Two of Farook’s coworkers told the The Los Angeles Times they were shocked he was named. They said he was quiet and had no obvious grudges. Farook had traveled to Saudi Arabia two years ago, they said, and came back with a wife, Malik, whom he’d met online.

David Bowdich, assistant director of the FBI’s Los Angeles office, told reporters Thursday that Farook had traveled overseas, and had made a stop in Pakistan. He returned to the U.S. in July 2014, with a fiancee, Malik, who traveled on a Pakistani passport. The couple were then married, Bowdich said.

They were “living the American dream,” Patrick Baccari, a fellow health inspector who shared a cubicle with Farook, told the L.A. Times.

Both Baccari and Christian Nwadike, another coworker, told the newspaper Farook was well-liked and spent much of his time out in the field.

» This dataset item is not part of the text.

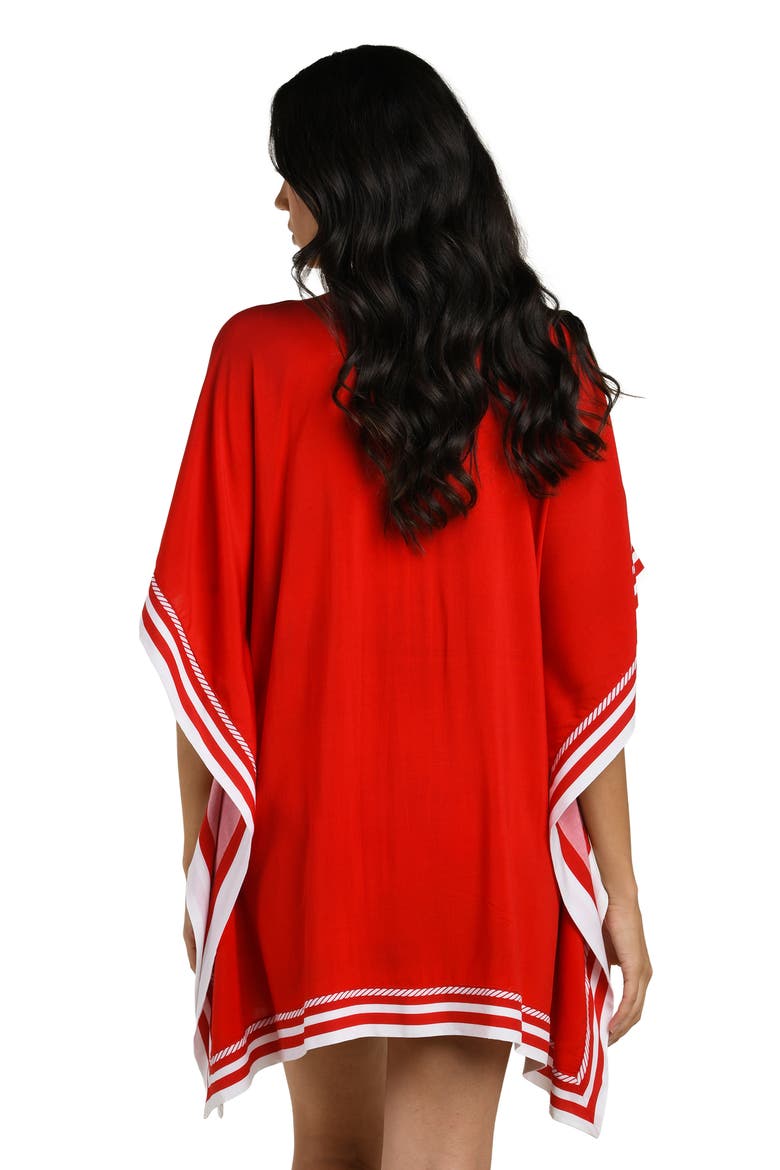 Mariner Cover-Up Caftan, Alternate, color, RUBY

He was a devout Muslim, they and others said, but rarely talked about his faith at work.

“He never struck me as a fanatic,” Griselda Reisinger, a former coworker, told the L.A. Times. “He never struck me as suspicious.”

When Farook’s mother, a Pakistan-born woman who hasn’t been named, learned of the shooting at the center, her immediate reaction was one of concern, said Hussam Ayloush, the executive director of the Council on American-Islamic Relations in Los Angeles. She then received a call from authorities, he said, informing her that her son was a suspect in the shooting.

Ayloush urged the public not to rush to judgment.

“Is it work?” he said. “Rage-related? Is it mental illness? Extreme ideology?”

Authorities say they are investigating those angles, and haven’t ruled any of them out.

San Bernardino Police Chief Jarrod Burguan said the couple had more than 1,600 bullets when they were killed in their SUV. Authorities discovered more than 3,000 rounds of ammunition, as well as 12 pipe bombs, and other tools at the home they rented in Redlands, he said.

“There was obviously a mission here,” Bowdich said. “We know that. We do not know why. We don’t know if this was the intended target or if there was something that triggered him to do this immediately.”